In production, high availability (HA) is one of the most important things that people care about. In the cloud version, everything is fully managed and you do not need to worry about it. But there are different stories when it comes to local standalone deployment and clustered deployment.
We here introduce our current HA plan for Milvus standalone and clustered deployment. We will then focus on the HA problem for Milvus clustered deployment and introduce a master-slave architecture to achieve high availability.
For Standalone HA: Active/Standby
In standalone mode, we will use the rather straightforward HA solution, i.e. active-standby mode.
In addition to a normal Milvus standalone instance, or the "active" instance, we also start another identical instance, or the "standby" instance.
Here's how it works:
- There could be multiple standby instances but only one active instance at a time.
- The standby instance merely serves as a backup. It does not accept any traffic from the client in normal cases. The active instance will continuously replicate all data to the standby instance.

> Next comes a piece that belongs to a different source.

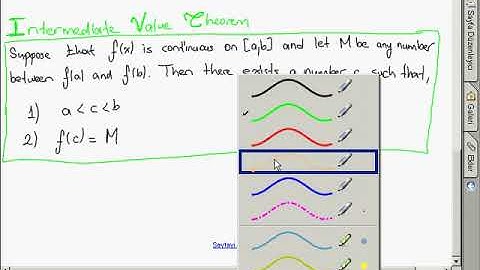 Calculus Course - Chapter 1 : Limits And Continuity, Section 1.4 & 1.5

- Both active and standby instances will keep reporting their status to a third-party service (or the "arbiter"). It is up to this arbiter that decides the liveness of all instances. (Note that this arbiter itself needs to have HA in the first place)
- When the active instance, for example, instance A in the figure below, goes offline, the arbiter will immediately sense this and notifies the standby instance to promote itself as the new active instance.

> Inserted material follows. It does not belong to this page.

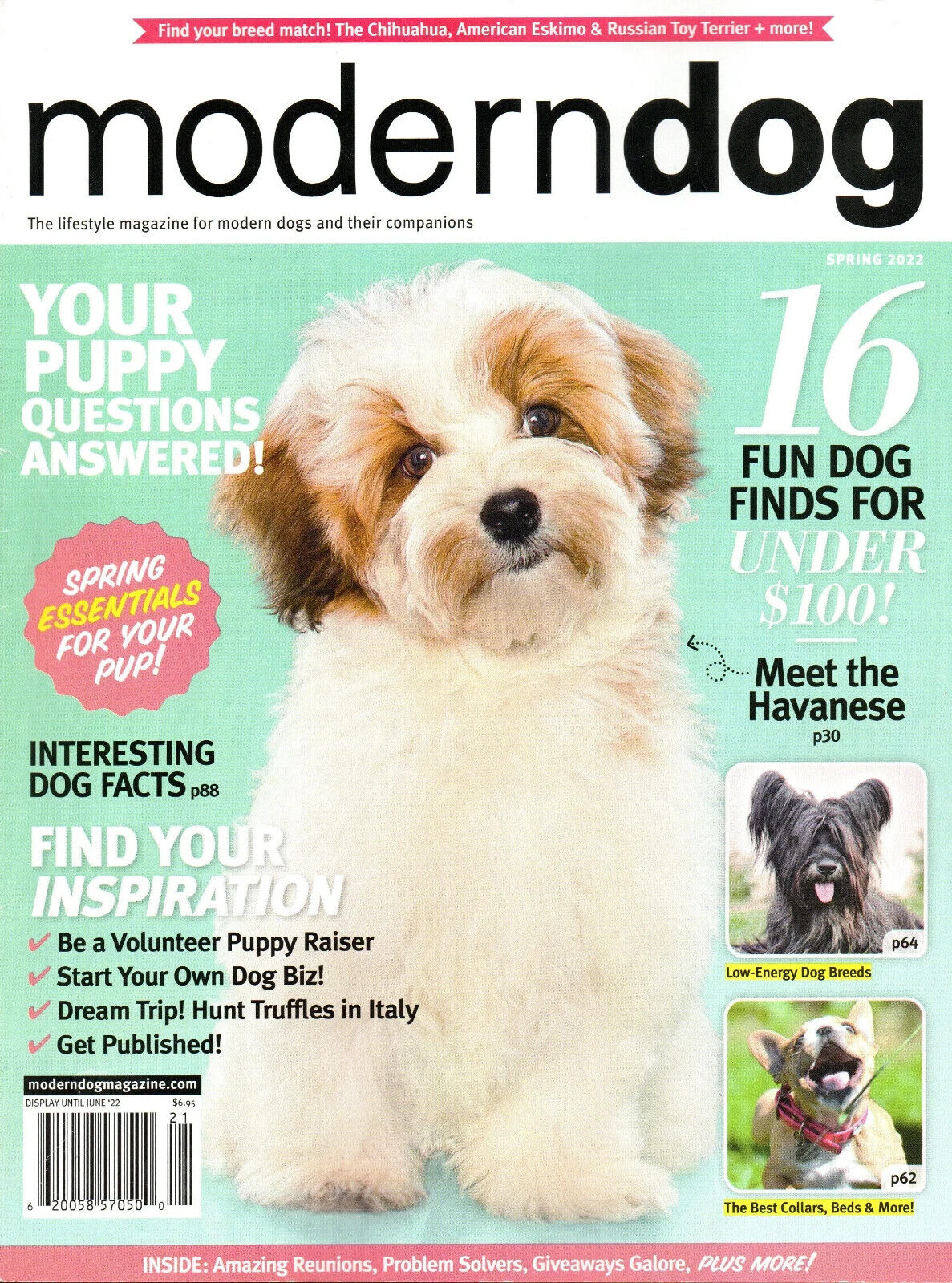 Modern Dog Magazine uses SimpleCirc for their subscriber management software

- When the previous active instance resurrects from whatever situation, it demotes itself to a standby instance and starts reporting to the arbiter with its new identity.

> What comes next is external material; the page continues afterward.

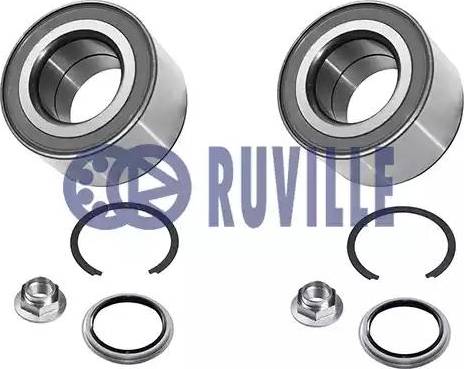 Ruville 7032D - Kit cuscinetto ruota autozon.pro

Clustered Milvus(Single Instance) HA: Coordinator Active/Standby
Milvus can be deployed as a single Milvus cluster. To reach high availability in this case, we'd introduce the Active/Standby mode to all Coordinators (i.e. RootCoord, DataCoord, QueryCoord, IndexCoord). Please refer to MEP 30 -- Support Coordinators Primary-backup Mechanism to see how it works.
Clustered Milvus(Multi Instances) HA: Leading/Alternative
The leading/alternative mode is similar to the active/standby mode, with the following differences:
- The client is now able to sense both leading instances and alternative instances.
- The alternative instances can serve read requests from clients, but cannot serve write requests. This can fully utilize the hardware resources of machines for alternative instances.
- Since the alternative instances also serve as read services, all data in alternative instances should be ready at all time and should always be consistent with the leading instance, which is far more strict than active/standby mode.
Data exporting is highly required to fully accomplish the leading/alternative mode for clustered Milvus, where we need to support exporting in-real time all historical data, live data and DDL data. Once we have this, we will have alternative instance subscribe to the leading instance for all data.
Expecting more details to be enclosed.
Still need a few clarification:
1) how to support replication?
2) should it be one write / multiple read or multiple write? Although consistency might be a issue, a way to avoid data conflict is to assign different ts for different clusters. For instance, clusterA only issue ts end with 1, clusterB only issue ts end with 2 so there will be no conflicts
Yes we will clarify replication in detail next.
Yes multiple writes is also an option. On the one hand, multiple writes could split the write traffic into different instances and make our write operation "elastic". On the other hand, having multiple writes would introduce more replication channel between each pair of instances, which could make the system less reliable.